LE CHATEAU DE MONTCIZET

 LE CHATEAU DE MONTCIZET
Ce château est présent sur le cadastre de 1832 avec une emprise assez proche du plan actuel mais la comparaison détaillée des deux plans et l'aspect des extérieurs des bâtiments, indiquent qu'il a subi d'importantes modifications et/ou reconstructions au XIXe siècle.
En 1832, il se présente sous la forme de deux ailes formant une équerre simple. Le corps de bâtiment principal est en pierre avec des baies rectangulaires et des encadrements saillants. Il est coiffé d'une haute toiture à croupes en tuiles écaille, et flanqué d'un ensemble d'autres corps de bâtiment. Vers le sud, le bâtiment présente une façade à trois travées, avec balcon à balustrade d'esprit néo-gothique et effet de fronton ou lucarne avec des sortes d'arcs-boutants au niveau de la toiture. L'accès à la cour se fait par un portail en demi-lune avec porte piétonne à gauche. Sur la fausse clé en saillie du linteau d'une porte piétonne secondaire d'accès au parc, on note le monogramme "CM".
Le château dispose d'importants communs à l'architecture soignée où on devine la marque de travaux probablement réalisés dans le courant du XIXe siècle. Certaines parties sont en pisé mais on remarque l'utilisation de la brique et du bois : la tourelle hors-oeuvre de plan polygonal est en maçonnerie de brique.
Le parc de 5 ha aurait été dessiné par les frères Bühler. Ce parc possède des arbres remarquables dont certains ont deux à trois siècles d’ancienneté : cas d’un cèdre du Liban planté en 1720 ; une première en France.

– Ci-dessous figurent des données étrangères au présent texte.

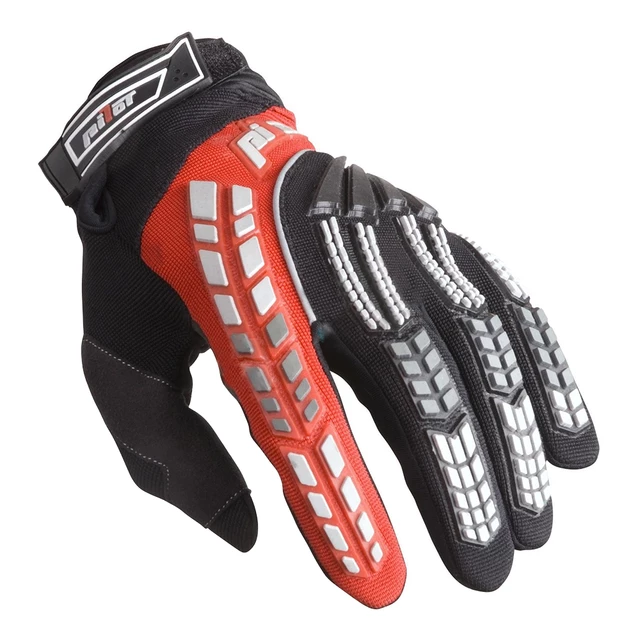 Kinder Motocross-Handschuhe Pilot - schwarz - schwarz-rot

Heureux témoin vivant de périodes historiques, comme "la Grande Peur" en Dauphiné où bien des domaines et châteaux ont été brûlés, il a vu passer les révolutionnaires et les meneurs de paysans de Nivolas sous ses branches, courbant l'échine sans rompre sa vigueur protectrice. On peut penser qu’en ces temps de fin du XVIII siècle, le maître des lieux, le chevalier Pierre Morel de Montcizet, un petit noble, appelé par son entourage "le grand réformateur" bénéficiait d'une aura républicaine ce qui lui a permis de ne pas être outragé en ses terres, et le château fut ainsi épargné, alors que ses voisins étaient brûlés sans autre forme de procès.
Un peu de romantisme lui fut réservé avec les visites fréquentes de Jean-Jacques Rousseau qui venait souvent voir en ce lieu de verdure, le chevalier au sujet de la fabrication d'instruments de musique.